Dabo Swinney goal was always to 'build consistency' on, off field

Dabo Swinney learned what winning looks like at Alabama.
Before coming to Clemson as a wide receivers coach in 2003, Swinney spent most of his coaching career in Tuscaloosa. He walked on to the Crimson Tide as a wide receiver in 1989, eventually earning a scholarship, and was a member of the 1992 national championship team.
Former Alabama coach Gene Stallings gave him an opportunity to join the Crimson Tide’s staff as a graduate assistant upon graduation in 1993. Swinney worked on Stallings’ staff for two seasons as a grad assistant before being promoted to wide receivers and tight ends coach. When Stallings resigned at the end of the 1996 season due to frustrations over NCAA sanctions, Swinney continued coaching Alabama’s wideouts under new coach Mike DuBose.

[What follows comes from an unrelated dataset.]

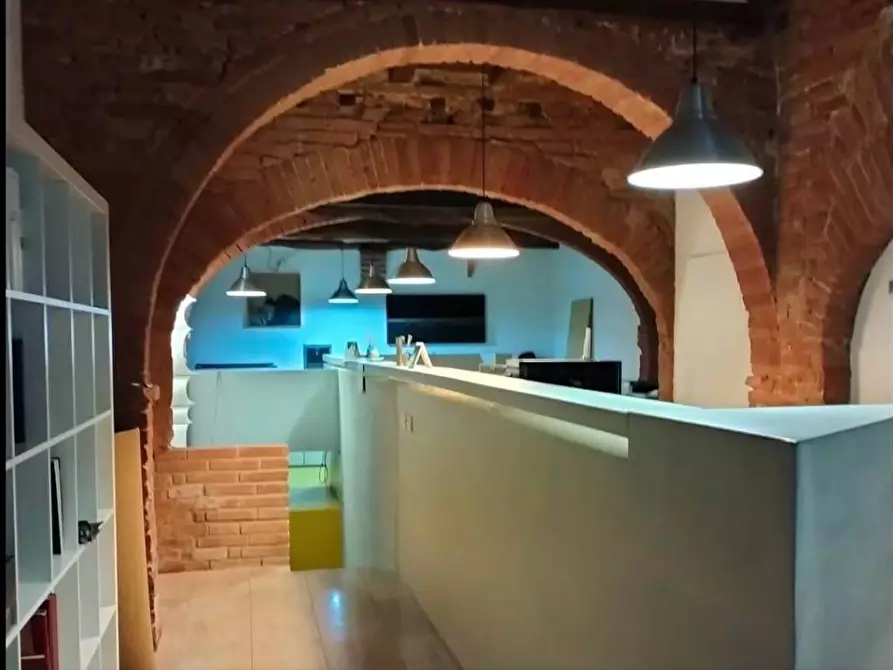 Immagine 5 di Ufficio in vendita  a Siena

Swinney worked at Alabama up until 2000, taking off the 2021 season as the Crimson Tide paid out the rest of his contract because of DuBose’s firing. Across 13 years at Alabama, he won one national championship and two SEC titles and was a part of 10 winning seasons.

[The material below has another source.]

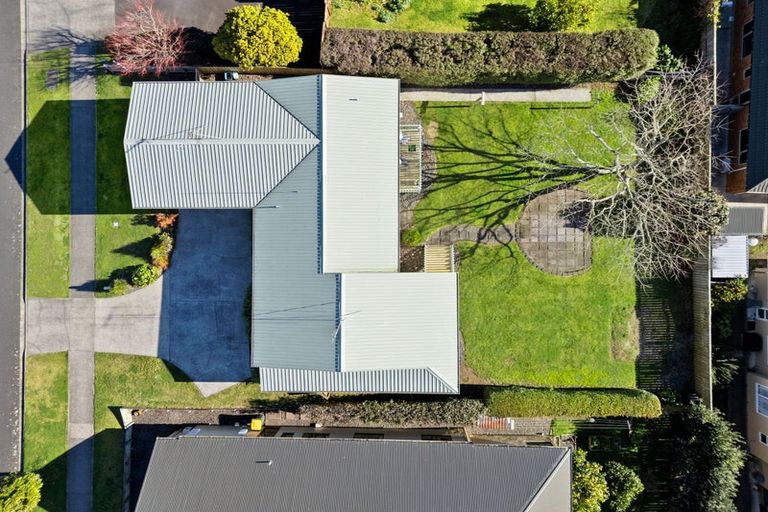 Photo of property in 95 Rototuna Road, Rototuna, Hamilton, 3210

The drive for 10-win seasons and national championships started at Alabama. And it is why after Clemson won 10 games and the ACC championship in 2011 for the first time in 20 years, Swinney wasn’t close to satisfied.

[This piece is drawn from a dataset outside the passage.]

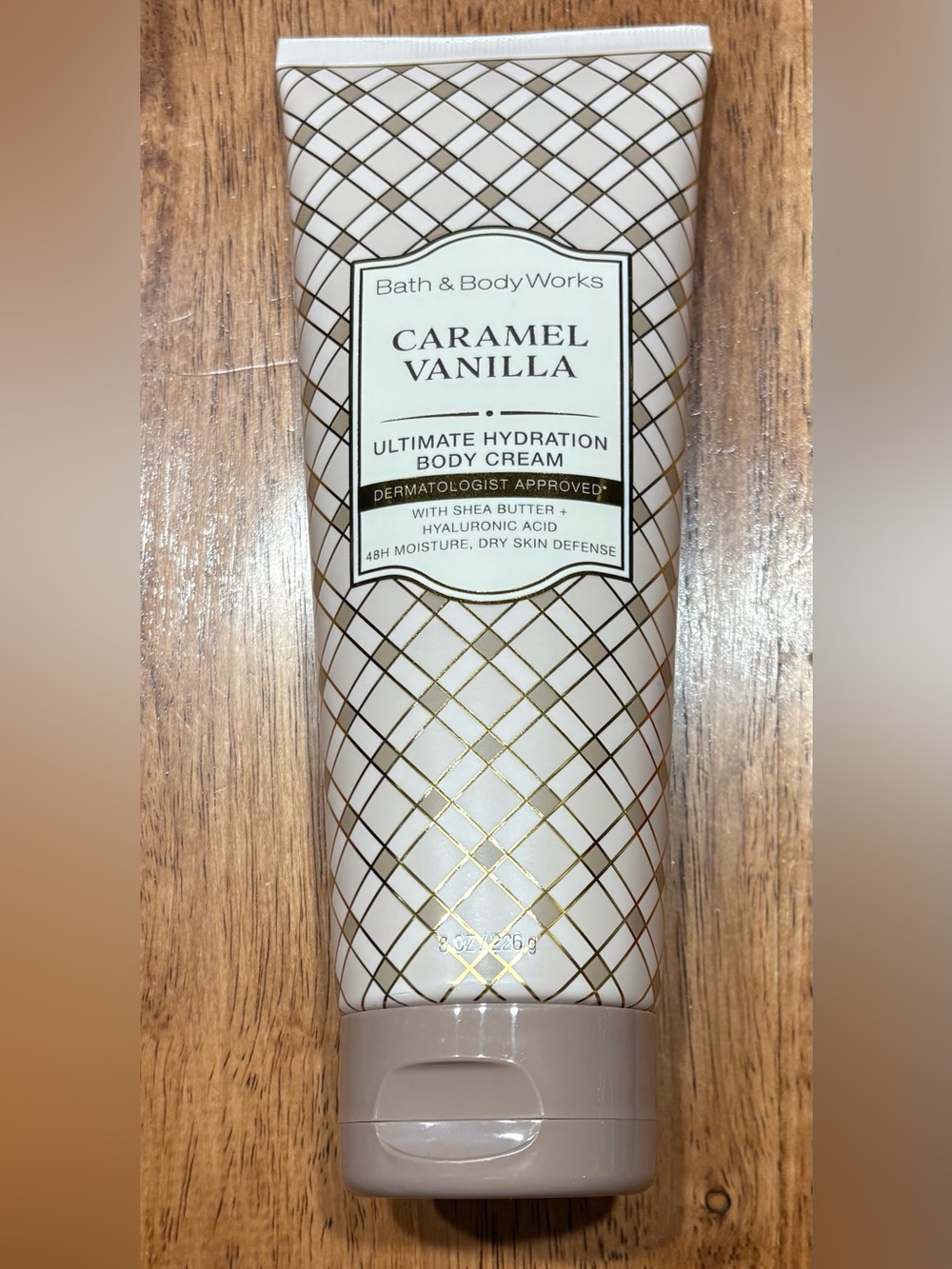 Bath & Body Works Caramel Vanilla Ultimate Hydration Body Cream - NEW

Deshaun Watson helped Clemson win its first national title since 1981. (Streeter Lecka/Getty Images)
“If you’re going to be great at anything, and back in ’11 we won 10 games for the first time in 20 years. … You have to understand I spent 13 years at Alabama,” Swinney said last week on the Colin Cowherd Podcast. “So I had a mentality when I came to Clemson. Thirteen years at Alabama, now I’m entering my 19th at Clemson, 13th as head coach. That wasn’t a very big deal to me. My focus was, OK, that’s great. Let’s go put three, four, five, six years of this in a row together because we’re never going to be considered great if we don’t do something really, really well for a long period of time.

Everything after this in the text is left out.